In its application, Nova Scotia Power stated it needs to modernize the facility to ensure it can provide clean energy to the grid during peak hours and help meet environmental emission goals and renewable energy targets.
While the UARB granted permission to replace the two generator units, overhaul the two turbine units, replace the turbine runners and refurbish the spherical valves, it denied a request to upgrade the floodgate that controls and delivers water to the turbines.
The board cited a report from engineering consultant Midgard that found that the proposed penstock intake work is not supported based on safety, economics, operational efficiency and conformance with industry best practice. Midgard declared NSP could have considered simpler and less-expensive options to address safety concerns.
NSP now has until Dec. 10 to revise the amount of the estimated project cost with the penstock intake gate element of the work by Dec. 10 before the board will issue its final order.
The UARB also directed NSP to provide quarterly reporting beginning March 31 to notify it of any changes to any contingency and scope variation amounts, as well as to describe specific examples of cost minimization efforts during the project.
Midgard also expressed some concern about the project execution plan, noting it is a complex project that has the potential for uncontrolled cost and schedule overruns. In response, NSP stated it had put forward a fully vetted and comprehensive project plan and schedule. NSP also indicated that it will hire an experienced vendor to design, plan and execute the work. The utility also said it will file the proper applications if project scope changes or the project forecast exceeds $250,000, or five per cent, of the approved amount.
The Wreck Cove facility is the largest of the 33 hydroelectric plants in Nova Scotia and produces half of the combined total capacity of 400 megawatts, or enough to power 30,000 homes each year.

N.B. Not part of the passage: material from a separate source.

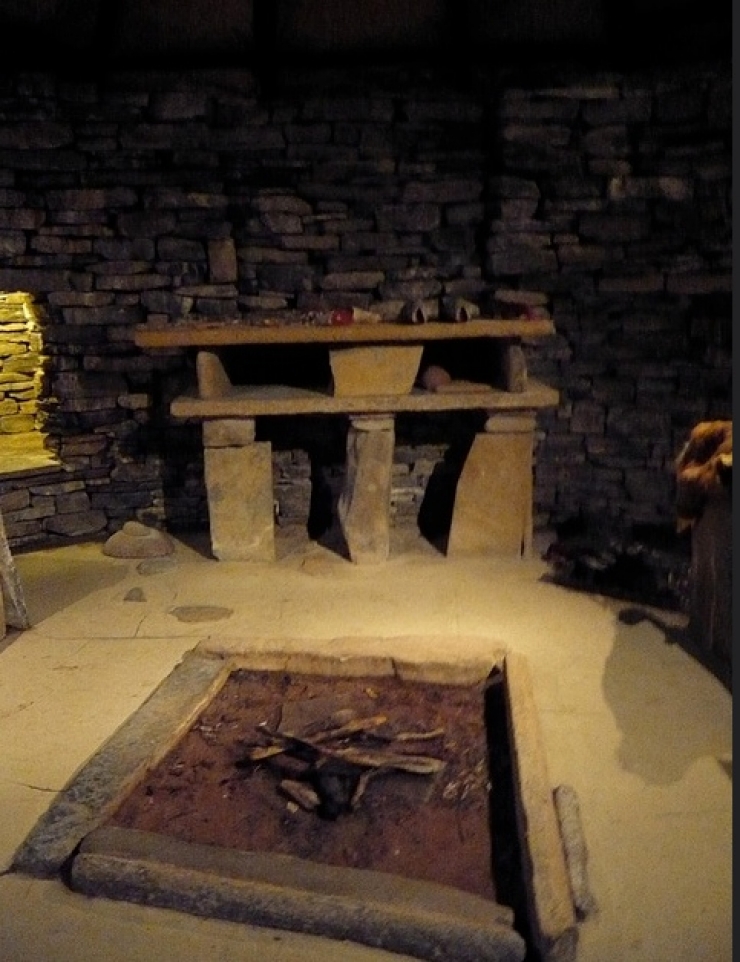 Illustration de l'article : D&eacute;couverte par un fermier en 1850, cette porte cach&eacute;e renferme quelque chose qui a surpris le monde entier...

Chief operating officer Mark Sidebottom previously described Wreck Cove as a “very important player on our electrical grid that provides reliable, renewable energy needed to complement and back up the 600 megawatts of clean — but unpredictable — wind power on our system.”
NSP estimates improvements at the station, which underwent a $13.5-million refurbishment in 2015-16, will extend its operations 40 more years, increase its annual generation to 315 gigawatt hours and save on fuel costs.